Der Ausbruch von sprachlicher Gewalt ist das Ende einer Kette von Abstürzen und kriminellen Delikten des 31-Jährigen. Der Absturz beginnt, als der Angeklagte 18 ist und erfährt, dass sein angeblicher Vater nicht sein Erzeuger ist. Die „Lebenskrise“ habe ihn in den Alkohol, eine schwere Depression und die Entlassung aus dem Job zu einem Selbstmordversuch getrieben.

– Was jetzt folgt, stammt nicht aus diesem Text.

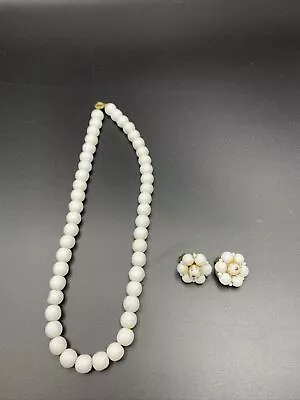 Vtg 50s 60s Milk WHITE Glass Bead Necklace 14” With Clip On Flower Earrings • £9.95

Weil er ständig harte Spirituosen samt Unmengen Bier in sich reinkippte und in rechtsradikalen Kreisen verkehrte, sammelte der 31-Jährige seit 2003 zehn Vorstrafen: Vom Fahren unter Alkohol, über unerlaubten Waffenbesitz und Sachbeschädigung war auch das Tragen von Kennzeichen verfassungswidriger Organisationen (Hakenkreuzring) auf der Latte.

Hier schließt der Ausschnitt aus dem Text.